A single granule impact test has been used to study the breakage behaviour of granulates. The impact experiments were studied with the help of granule impact tester for three industrial spherical granulates (γ-Al₂O₃, synthetic zeolite and sodium benzoate) at different velocities (from 10 to 50 m/s). The elastic and plastic breakage behaviour was explained with the help of the SEM image analysis of fracture surface of the fragments. It has been shown that the breakage behaviour is strongly dependent on the impact energy, macroscopic and microscopic structure of the granules. Fig. 1 shows the breakage probability as function of the mass-related impact energy. The breakage probability was determined by using particle size distributions after the impacts at different velocities and described by using a modified Weibull distribution. It was shown that for the breakage of small granules the larger mass-related impact energy is needed than for larger granules.

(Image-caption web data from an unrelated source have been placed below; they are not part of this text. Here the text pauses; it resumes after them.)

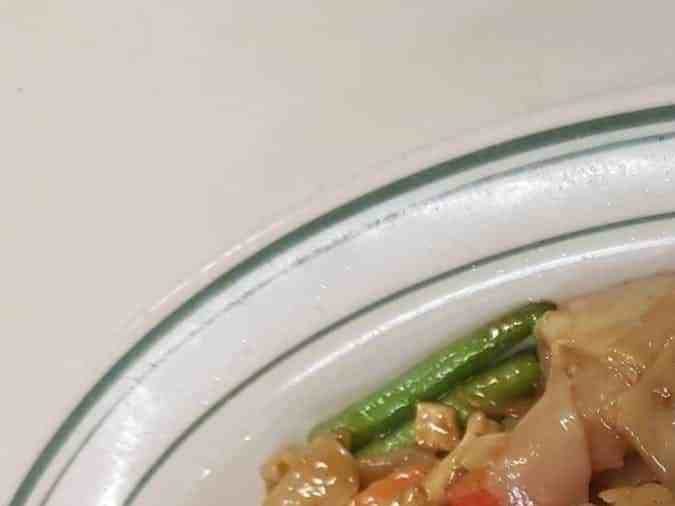 plato de chop suey casero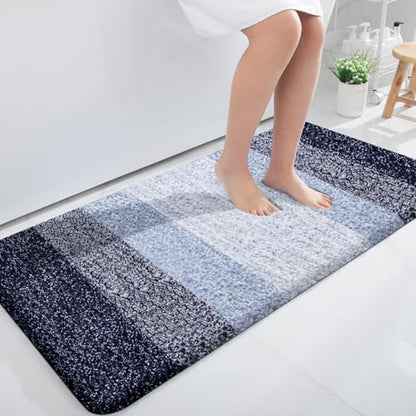 OLANLY Large Bathroom Rugs 50x30, Extra Soft Absorbent Microfiber Bath Rugs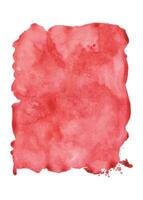 abstrait Contexte avec brillant rouge aquarelle taches éclaboussure vecteur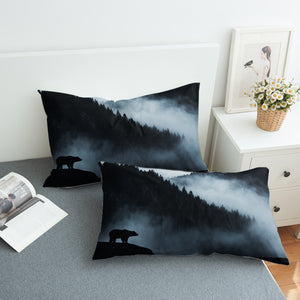 Black Scene High Forest Mountain Bear SWZT4538 Pillowcase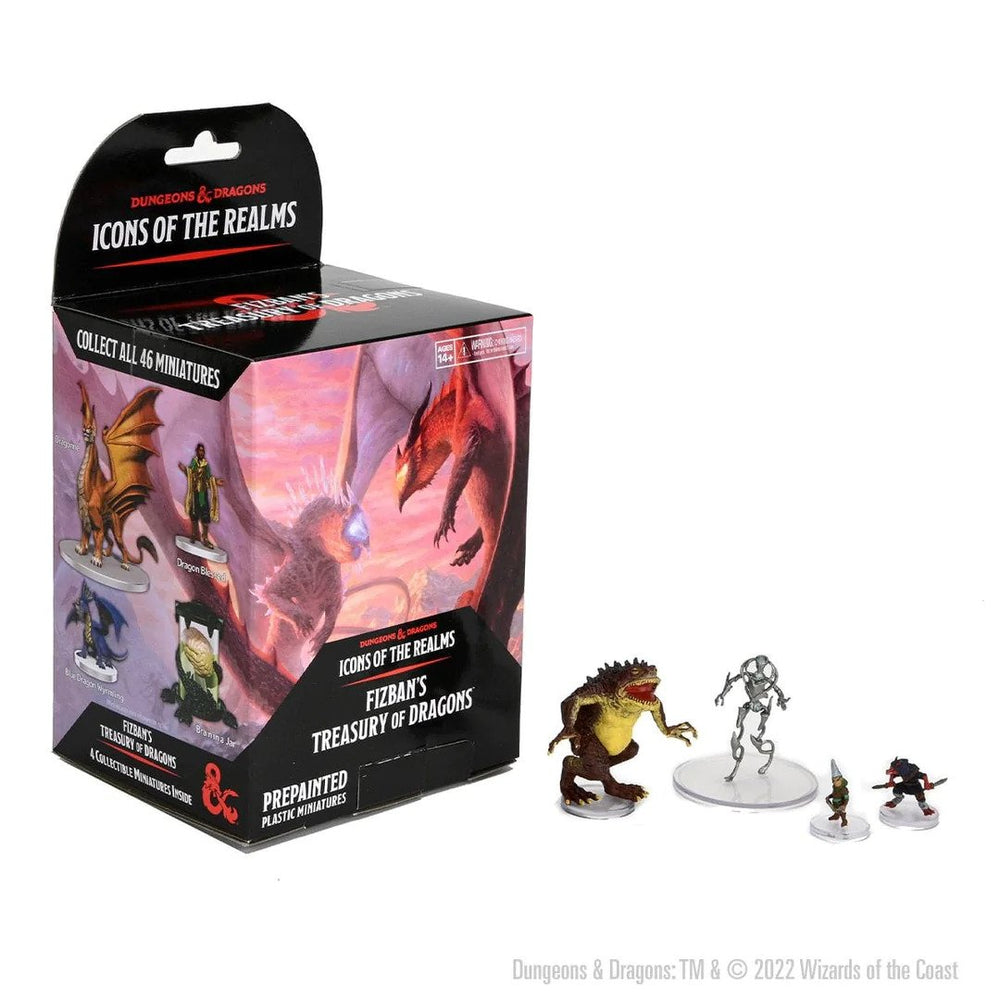 Dungeons And Dragons: Icons Of The Realms Miniatures: Fizban's Treasury of Dragons Standard Booster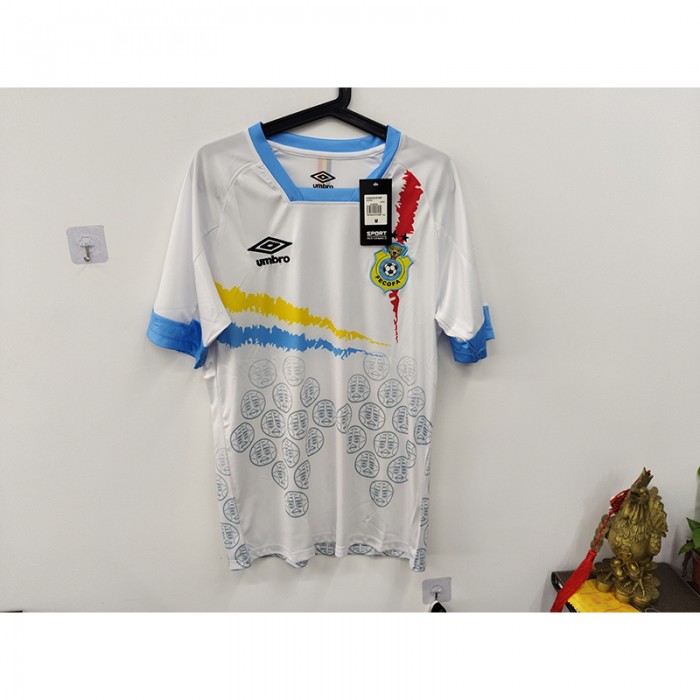 STOCK CLEARANCE [SIZE M] 2024 Democratic Republic of the Congo Away White Jersey Version Short Sleeve-6051812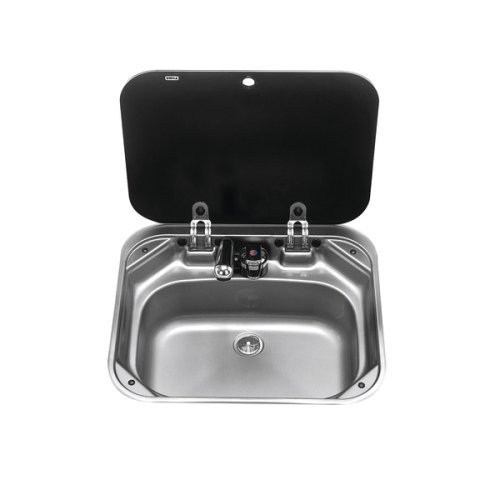 Rectangular Sink with Lid, 42 x 37 cm, Stainless Steel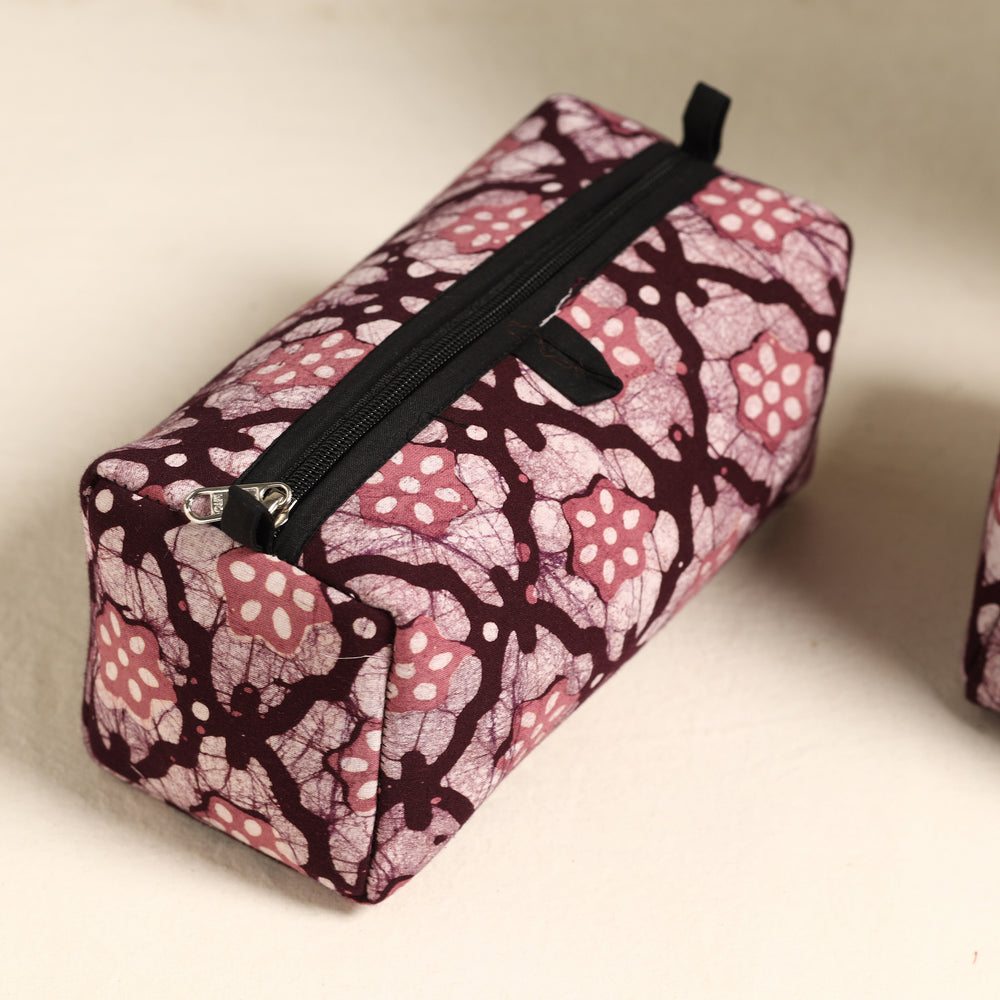 Cotton Toiletry Bag Set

Fig. 1.  Breakage probability P of examined granulates versus mass-related impact energy W_m.

A two dimensional discrete element simulation of the impact test of granules at different velocities has been performed. The DEM simulation shows the crack propagation inside the specimen by breaking the solid bridges of binder between the primary particles (Fig. 2). The large impact velocities lead to the complete disintegration (break up) of the granule into predefined primary particles. The contact and bond forces between primary particles (Fig. 2) during the wave propagation in the granule by impact were evaluated. After calibration, the correlation between the experiments and the simulations is obtained.

Fig. 2. Fractured specimen (left) and corresponding shear forces in unbroken solid bridge bonds (right) of impact at 50 m/s (t=0.5 ms).

The DEM simulation approach provides a suitable tool to investigate the cracking mechanism of the different structured granules and mechanical micro properties of primary particles and the bonding agents.